◆ Data records:
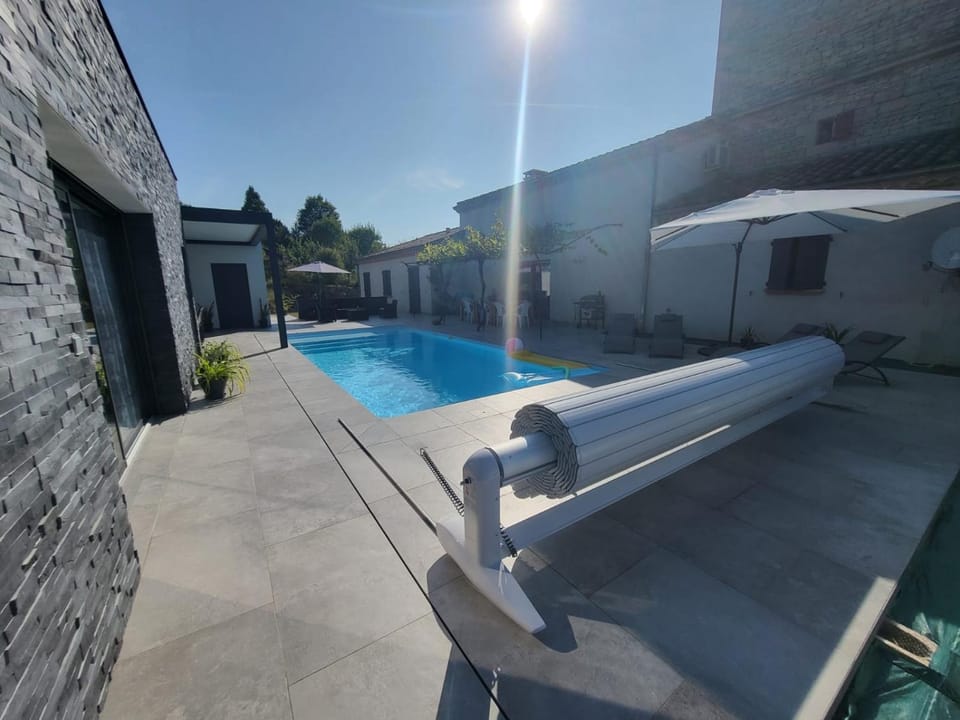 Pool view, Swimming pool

---

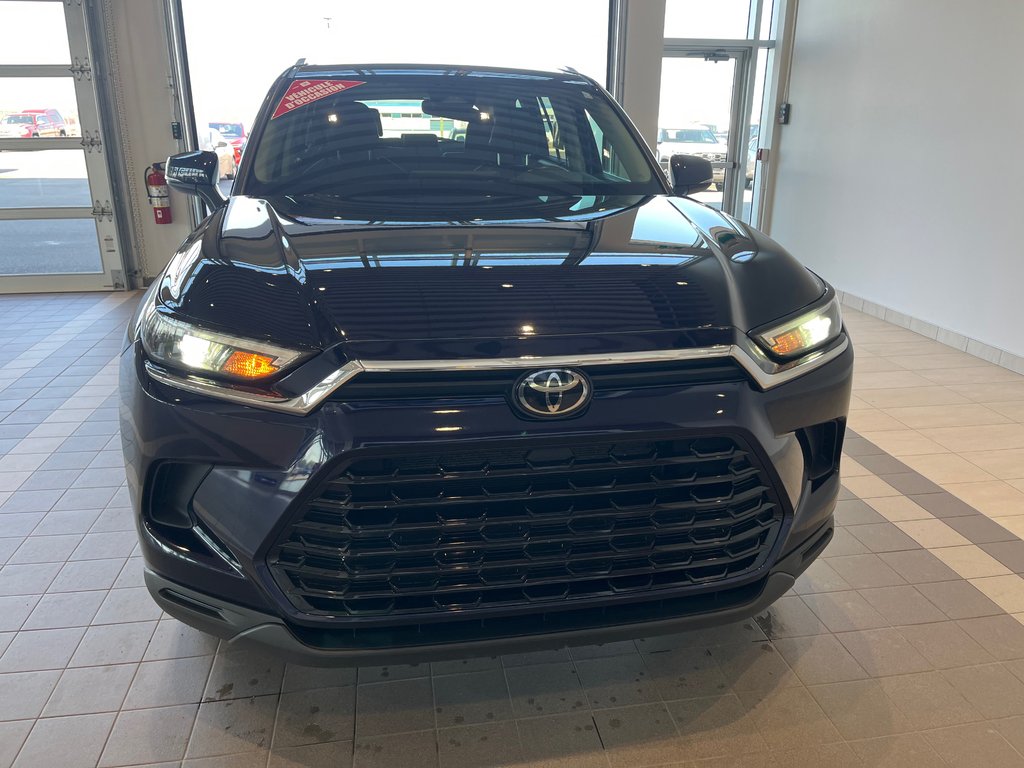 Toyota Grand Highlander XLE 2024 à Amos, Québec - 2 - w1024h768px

...

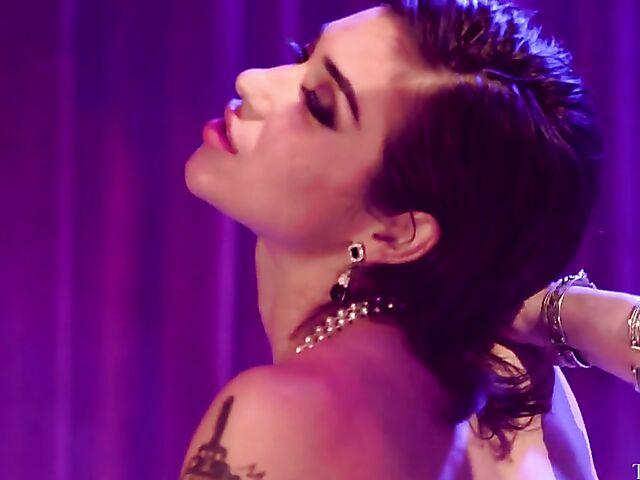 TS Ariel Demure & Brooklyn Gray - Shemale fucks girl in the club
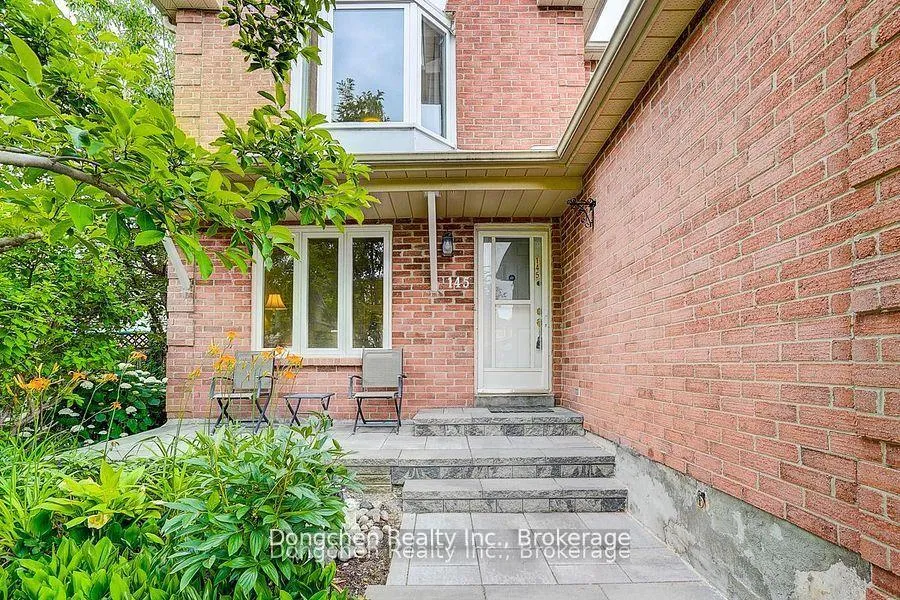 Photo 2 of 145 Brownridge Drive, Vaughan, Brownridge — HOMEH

◆ Directions for this task:
Lines from the one above containing "TS Ariel Demure" down to the one containing "Photo 2 of 145" should be transcribed exactly, with both ends kept and no pictures.

◆ Solution for this problem:
 TS Ariel Demure & Brooklyn Gray - Shemale fucks girl in the club
 Photo 2 of 145 Brownridge Drive, Vaughan, Brownridge — HOMEH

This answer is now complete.